ID: 1190507 • Letter: A

Question

a. Consider the iron ore production industry, and assume that there are just two producers, FM and BHP. Initially assume that both firms are identical in terms of their production costs. If the two firms can cooperate, what should they do in order to maximise industry profits? How does your answer change if: (i) price discrimination is feasible; or (ii) the two firms have different costs of production? If you are working as a consultant for the ACCC, how would you view cooperation between the two iron ore producers?

b. Thinking more broadly than iron ore, how can two oligopolists try to avoid being caught in a competitive outcome? Are any of these relevant for the iron ore industry?

Explanation / Answer

a.If the two firms can cooperate then in order to maximize their profits they must collaborate. In the previous case the cost structure is exactly same thus the price will be equal to the marginal cost and thus there would be no profits. If one were to keep the price even a little higher above the marginal cost he would lose the entire market. If the decide to collaborate they can together keep the price a level x above the marginal cost and share the profits.

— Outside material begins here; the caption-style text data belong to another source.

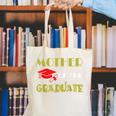 Graduation Mom Mommy Mother Of The GraduateShirt Canvas Tote Bag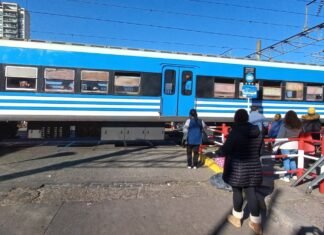 Trenes con demoras por amenazas de bombas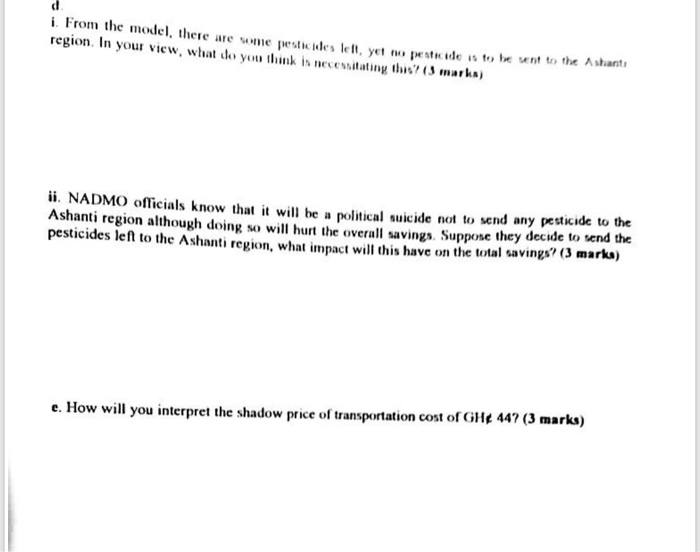 Decrease 3750 165 O Name Northern Upper West Ashanti Brong Ahaso 5000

i. If price discrimination is possible the profits would rise further, because with right targeting we can pull up the prices higher and higher based on the willingness to pay of the customers

ii. if the two firms have differing cost structures it is possible for the firm with the lower cost structure to capture the entire market and still make profits. He can keep the price a little lower than the marginal cost of the other firm and have the whole market. So in this case collaboration is not a good deal for him. He should be given an incentive to get into such collaboration.

b.In an iron ore market we can have an oligopolistic market structure and earn higher profits than competitive markets. The collaboration can help keep prices above marginal cost and give profits to both. In case cost structures differ the lower cost company must be given incentive to participate in the collaboration.